Come dimenticare le ultime campagne elettorali della Lega, fatte di proclami circa moschee che sarebbero dovute nascere in ogni comune? Anche a Martinengo, ovviamente. Se non che, già una ce n’è da tempo. E non certo inaugurata da noi.

Come dimenticare le polemiche nate intorno al presunto conflitto di interessi del Sindaco che è risultato essere il legale tutelante la proprietà che ospita il centro culturale e nel contempo il rappresentante partitico che sulla campagna antimoschee ha fatto una grande battaglia.

Comunque, passiamo ai fatti.

Luglio 2016: Regione Lombardia scrive ai sindaci chiedendo che vengano segnalati luoghi di culto, in particolare moschee, centri culturali islamici e scuole coraniche.

Dicembre 2016: Regione Lombardia attraverso i media divulga i risultati del censimento e da evidenza che in provincia di Bergamo sono stati segnalati 94 luoghi. Segnala inoltre che sul territorio 70 luoghi meritano approfondimenti e 30 presentano evidenti criticità.

14 gennaio 2017: il nostro gruppo presenta un’interpellanza in cui si chiede quanti sono i luoghi di culto a Martinengo e se qualcuno di essi rientra in quelli che meritano approfondimenti o sono ritenuti critici.

8 Febbraio 2017: la risposta alla nostra interpellanza riporta che l’ufficio tecnico sta provvedendo ad inviare il censimento alla regione (dopo sei mesi dalla richiesta) e che in Comune non risulta pervenuto nessun elenco di luoghi critici da Regione.

Ora, abbiamo appurato che il 25 gennaio (ben tredici giorni dopo la nostra interpellanza) l’ufficio tecnico chiede tramite mail l’elenco dei luoghi di culto rilevati da regione e che regione sempre tramite mail del 13 febbraio regione risponde che non è stato predisposto un elenco dei luoghi di culto ma che l’intento della richiesta del luglio precedente aveva lo scopo di valutare la possibilità di intervenire con eventuali provvedimenti legislativi atti a regolamentare questa materia.

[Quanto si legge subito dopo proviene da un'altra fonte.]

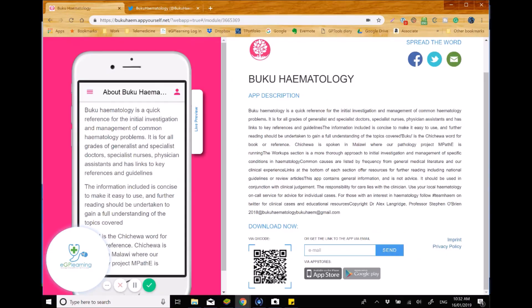Hi, eGP learners, and as you can see, we're going to look at something called the Buku Hematology app. So this is a useful app that you can download on both your Apple iStore or Google Play, and it's effectively a reference app designed for hematological conditions.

20 febbraio 2017: la stampa (Eco di Bergamo del g. 21) titola: stretta antimoschee… E’ stata infatti emanata una circolare regionale che equipara i centri culturali ai luoghi di culto. Nella circolare si distingue tra i centri culturali nati dopo il 2015 che vengono equiparati a luoghi di culto e quelli prima del 2015 che, se svolgono attività di culto, sono vincolati alla destinazione d’uso all’edificio che ne ospita la sede. In questi casi un cambio di destinazione è possibile solo con una modifica al pgt.

E quindi? Che faranno i nostri attentissimi e precisissimi amministratori visto che nulla hanno segnalato? Cambieranno la destinazione d’uso dei locali? Faranno finta, come già fatto, che non esistono problemi? O si limiteranno tramite alcuni loro assiduissimi frequentatori di social, a dire “BRAVA LA REGIONE!!! BRAVO MARONI!!! GIU’ LE MANI DAL CROCEFISSO!!!” e poi lasciare tutto come è?